Record set:
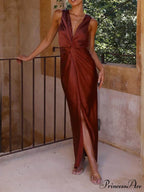 Deep V Stylish Sleeveless Backless Dress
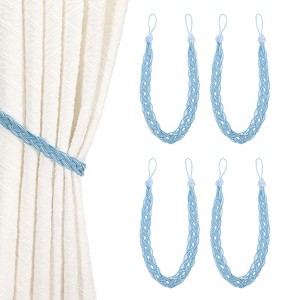 Unique Bargains Braided Polyester Elegant Design Durable Curtain Tiebacks Blue 4 Pcs - 1 of 4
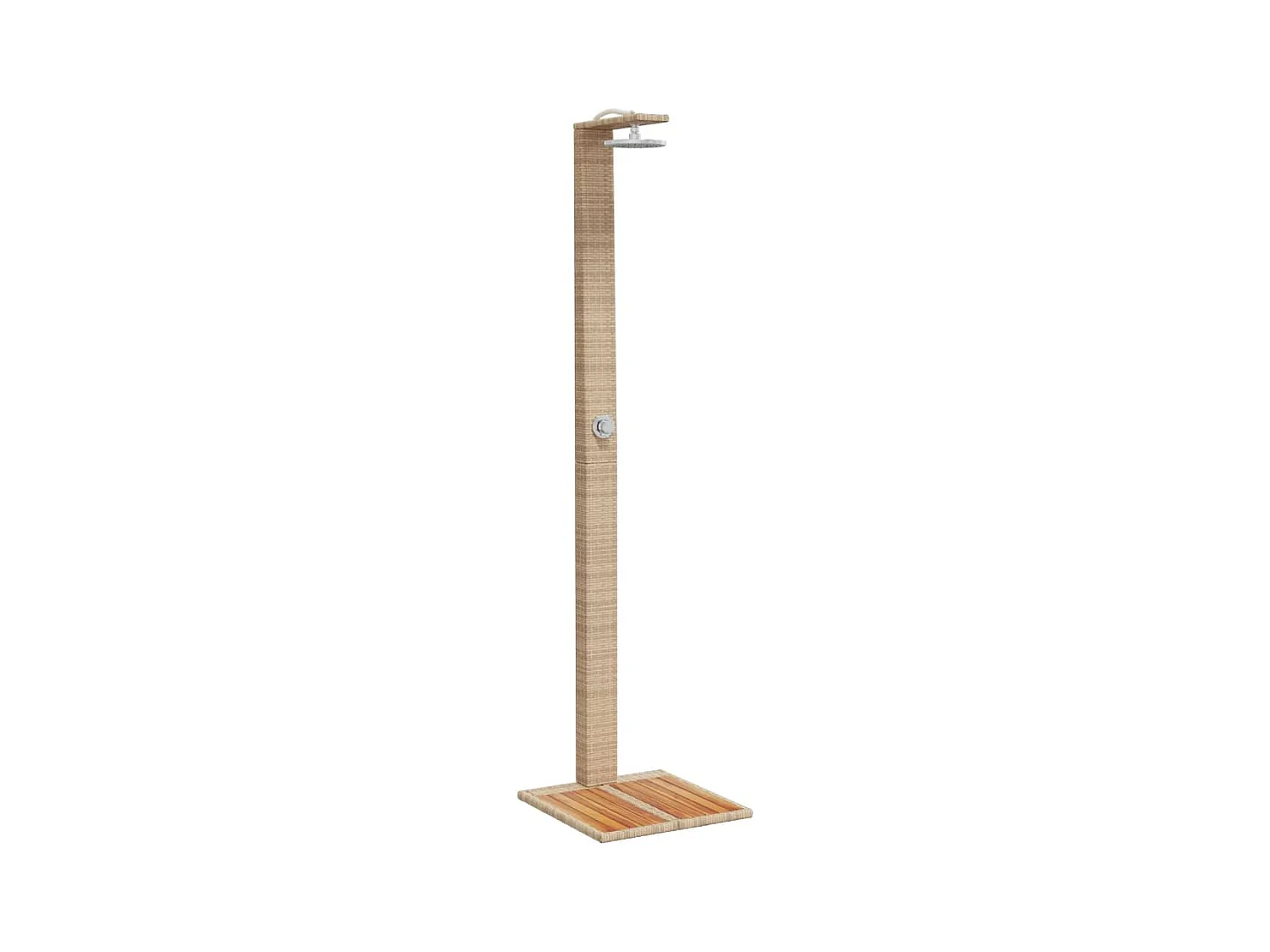 Prolenta Premium -  Douche d'extérieur beige 50x55x224cm résine tressée bois acacia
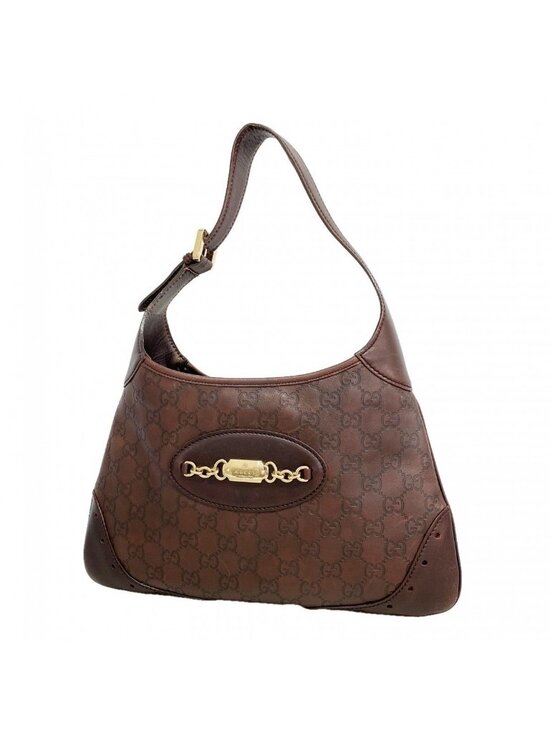 Gucci Handbags - Gucci Shoulder Bag Guccissima Leather Dark Brown Chien Pants Gold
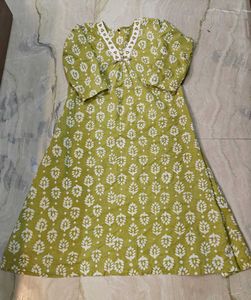 Green Printed Kurta Set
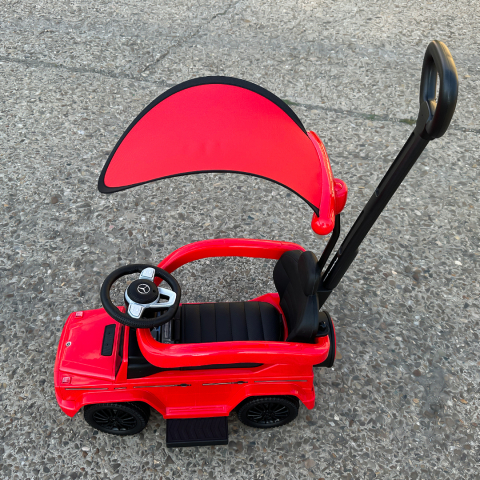 Ride-on car and precursory for children 2 in 1, licensed, Mercedes G350d, sun visor included, red [10]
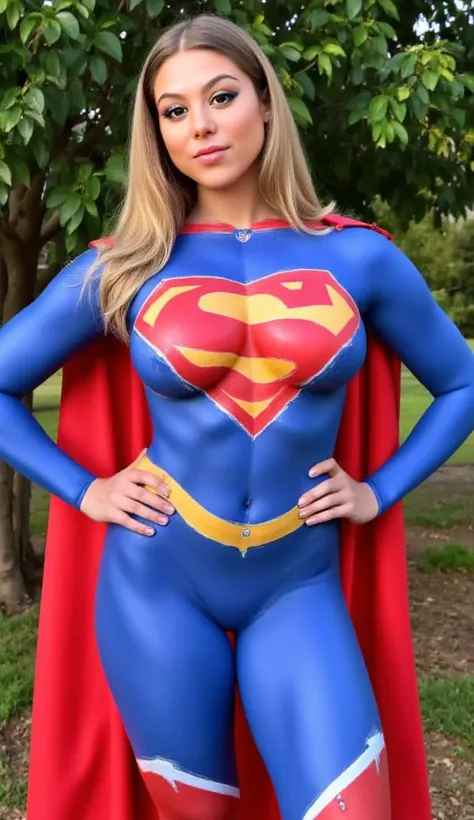 kira kosarin, uniformsbodypaint Supergirl costume painted on her body, looking at viewer, upper body framing, outdoors, tree, nipples, (big breasts:1.3), superman logo painted  in her chest, blonde hair,(3/4 shot), perfect nipples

What is needed: An exact copy of the lines from the one with "Green Printed Kurta Set" through the last line of the records, inclusive, is required, with all pictures left out.

Response:
 Green Printed Kurta Set
 Ride-on car and precursory for children 2 in 1, licensed, Mercedes G350d, sun visor included, red [10]
 kira kosarin, uniformsbodypaint Supergirl costume painted on her body, looking at viewer, upper body framing, outdoors, tree, nipples, (big breasts:1.3), superman logo painted  in her chest, blonde hair,(3/4 shot), perfect nipples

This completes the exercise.